Saturday, September 23, 2006

On selective secrecy

The CP reports that while the Libs helped to foster the contuining culture of secrecy in the federal civil service, several of the party's leadership contenders were entirely willing to hand out confidental membership data when the Globe and Mail came calling for help in carrying out a poll:
Three Liberal leadership hopefuls could face sanctions for giving the party's confidential membership lists to a newspaper which used the data to conduct a controversial opinion poll on the leadership race.

The Globe and Mail, which published the poll results last week, said it obtained the lists from the campaigns of Stephane Dion, Ken Dryden and Scott Brison, although the latter's camp has since denied any involvement.

Yet each candidate was required to personally sign a declaration of confidentiality before the party handed over the coveted lists of members across the country.

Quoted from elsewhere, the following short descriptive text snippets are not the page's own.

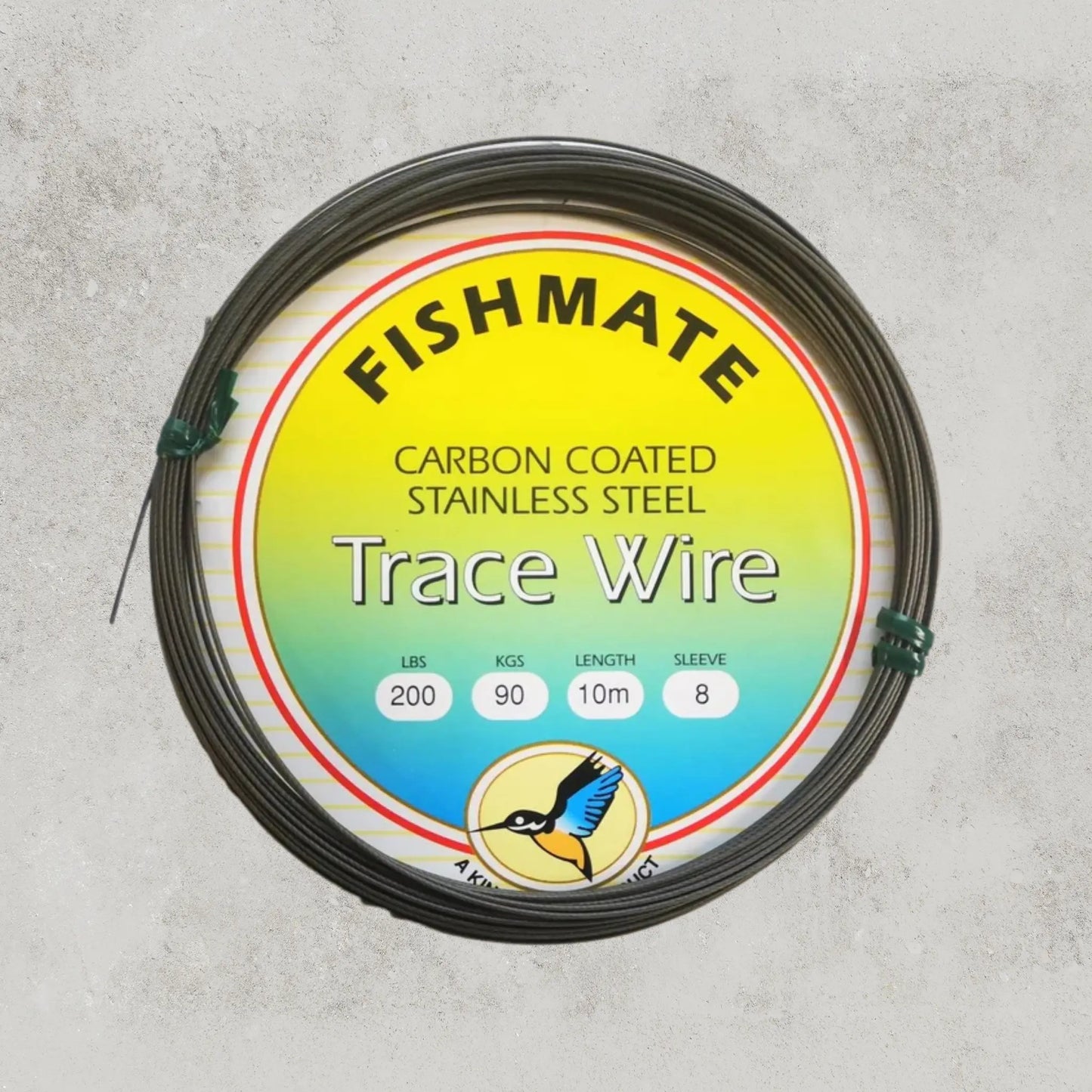 Fish Mate carbon coated wire 10m 200lb KFA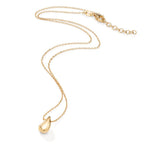 Collier Silver gul guldpläterad 42-45 cm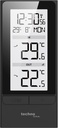 WS9787 digitale Temperaturstation mir Innen- und Außentemperatur, Uhrzeit (Funk), Datum, Wochentag und Wettertendenzanzeige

In the declaration, candidates agreed to take "appropriate measures to protect the confidentiality of the personal information on the lists." They further agreed that they "will not disclose the lists to anyone outside the Liberal Party of Canada." Liberal national director Steven MacKinnon said the party is still investigating the possible breach of confidentiality.
There's no apparent indication whether the disclosures were deliberately made contrary to the Libs' policy, or whether campaign staff simply wasn't aware of the agreed limitation on how the information would be used. But either way, it's fairly clear that candidates involved violated the trust of Libs who had a valid expectation of privacy in their membership information. And whether the issue was one of carelessness or wilful wrongdoing, it's not an attitude that Canadians of any political stripe should be eager to see in a future government.